Василий Иванович, готовясь взвалить на себя ношу коммуниста-подпольщика, который под личиной старшего полицейского по долгу своей службы был обязан создавать хотя бы видимость деятельности на пользу Великой Германии, не мог даже предполагать, что она окажется так невероятно тяжела. Фон Зигель периодически подсовывал ему задачи, при решении которых требовалось найти что-то такое, чтобы и комендант остался доволен, и товарищам в глаза смотреть было можно с чистой совестью.
А личные встречи со Свитальским или фон Зигелем? Каждая из них была поединком, после которого чувствуешь себя опустошенным.
Да и изучение окружающих людей, установление с ними контактов — это не только опасно, но и томительно, даже муторно: затаились люди, не открывают своей души человеку, который известен им как бывший лесной бандит, а ныне — старший полицейский деревни Слепыши. Перед иным человеком самого себя наизнанку чуть не выворачиваешь, он поддакивает, соглашается с тобой и… в последний момент обязательно уклонится от прямого ответа.
А ведь пока беседовал преимущественно с теми, кому о нем замолвили словечко дед Евдоким, Груня или Клава!
Откровенные же разговоры дают поразительно много. Взять, к примеру, Нюську. Запали ему в память ее слова о том, что она «оседланная, но не сагитированная». А потом и этот дурацкий случай с Виктором подвернулся. Вот и зашел вечерком к Нюське. Поговорили о погоде, о том, как бы до весны дожить. И тут он намекнул: дескать, весной-то обязательно большая вода будет, она поочистит землю, наведет на ней порядок. Казалось бы, самый обыкновенный разговор, а Нюська поняла его правильно. И раскрылась.
Оказывается, она родилась в Смоленске, в слободке, где все дома были только одноэтажные и обязательно герань на каждом окне, обязательно занавесочки; чем плотнее стоит герань на подоконниках, чем затейливей узор на занавесочках, тем больше достаток в доме. Так считалось.

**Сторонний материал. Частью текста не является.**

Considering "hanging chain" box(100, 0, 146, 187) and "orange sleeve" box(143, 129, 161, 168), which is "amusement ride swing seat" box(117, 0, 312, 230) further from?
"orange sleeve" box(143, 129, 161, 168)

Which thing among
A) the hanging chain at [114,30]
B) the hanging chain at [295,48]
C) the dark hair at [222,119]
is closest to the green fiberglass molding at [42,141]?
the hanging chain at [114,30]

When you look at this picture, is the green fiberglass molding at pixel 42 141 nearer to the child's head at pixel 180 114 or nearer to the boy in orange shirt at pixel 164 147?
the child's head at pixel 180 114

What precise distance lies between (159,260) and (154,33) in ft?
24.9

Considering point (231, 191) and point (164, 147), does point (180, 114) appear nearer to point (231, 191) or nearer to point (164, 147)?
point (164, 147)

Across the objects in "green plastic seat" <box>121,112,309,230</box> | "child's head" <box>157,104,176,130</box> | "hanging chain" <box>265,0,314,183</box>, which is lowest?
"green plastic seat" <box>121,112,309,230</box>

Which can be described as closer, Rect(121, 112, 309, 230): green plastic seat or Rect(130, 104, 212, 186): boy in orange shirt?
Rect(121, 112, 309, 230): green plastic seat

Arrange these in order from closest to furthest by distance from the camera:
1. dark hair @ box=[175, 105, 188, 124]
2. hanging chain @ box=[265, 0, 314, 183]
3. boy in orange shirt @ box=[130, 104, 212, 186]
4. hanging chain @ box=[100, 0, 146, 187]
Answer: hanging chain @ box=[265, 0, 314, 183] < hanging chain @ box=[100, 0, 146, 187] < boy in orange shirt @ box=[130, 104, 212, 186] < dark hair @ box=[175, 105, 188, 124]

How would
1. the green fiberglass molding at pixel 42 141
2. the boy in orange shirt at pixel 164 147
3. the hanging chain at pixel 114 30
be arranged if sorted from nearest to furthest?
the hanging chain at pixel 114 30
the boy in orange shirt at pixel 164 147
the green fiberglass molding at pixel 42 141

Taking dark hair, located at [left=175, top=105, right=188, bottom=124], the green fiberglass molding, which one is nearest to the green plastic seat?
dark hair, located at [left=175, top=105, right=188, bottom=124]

Когда Нюська была еще девочкой, у них герань стеной стояла на окнах. А к тридцатым годам уцелел лишь один цветок, да и то потому, что Нюська облапила его ручонками и так ревела, что мать отступилась. И вся беда — пьянство матери. Оно подкралось незаметно, а потом захлестнуло, закружило, заметелило. Правда, мать — в прошлом хорошая портниха, а теперь пьянчуга, готовая на любые унижения ради водки, — все же успела передать дочери часть своего таланта, и Нюська чуть ли не с четырнадцати лет смогла сама зарабатывать шитьем, стараясь всячески отделиться от матери, от ее нахальных, бесцеремонных гостей. В четырнадцать же лет, если не раньше, Нюська узнала и правду о рождении детей.
Ей исполнилось лет семнадцать, когда стала ловить на себе жадные, оценивающие взгляды мужчин. Это не обижало, даже льстило, что матерые мужики, познавшие не одну женщину, тянутся к ней.

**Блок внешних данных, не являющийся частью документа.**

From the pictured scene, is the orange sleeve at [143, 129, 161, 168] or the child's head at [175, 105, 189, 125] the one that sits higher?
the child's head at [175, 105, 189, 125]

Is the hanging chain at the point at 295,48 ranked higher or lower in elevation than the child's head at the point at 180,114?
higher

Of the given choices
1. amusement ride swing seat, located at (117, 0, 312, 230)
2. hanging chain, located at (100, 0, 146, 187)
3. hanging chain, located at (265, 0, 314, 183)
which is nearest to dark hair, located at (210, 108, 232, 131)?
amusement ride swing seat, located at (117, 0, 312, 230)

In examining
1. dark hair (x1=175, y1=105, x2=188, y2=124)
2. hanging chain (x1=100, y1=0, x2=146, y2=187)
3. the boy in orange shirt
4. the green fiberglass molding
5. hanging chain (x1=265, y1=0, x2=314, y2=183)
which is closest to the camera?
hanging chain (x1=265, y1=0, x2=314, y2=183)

В начале тридцатых годов Нюська впервые и предприняла набег на окрестные деревни.
Из поездки вернулась с толстой пачкой червонцев и двумя плетенками, где один к одному лежали куски сала и масла. Одну плетенку через знакомых мигом продала и ахнула, увидев, какую кучу денег огребла без единого усилия. Сразу после этого, как теперь считала Нюська, она и допустила первый жизненный промах: позволила себе влюбиться в Сашку-гармониста. Дело в том, что его бурная любовь отцвела одновременно с шелестом последних червонцев из пачки, о которой он знал. Нюська в то время еще была готова на жертвы ради любимого, она чуть не достала потаенные сбережения, да сам Сашка спас от беды, сказав спокойно, деловито:
— Вот и кончилась пирушка, начинается похмелье. А я никогда не опохмеляюсь там, где пил.
Чувствовалось, не ей первой так сказал.
Когда он ушел, Нюська долго ревела от обиды, что за свои деньги любовь свою продала.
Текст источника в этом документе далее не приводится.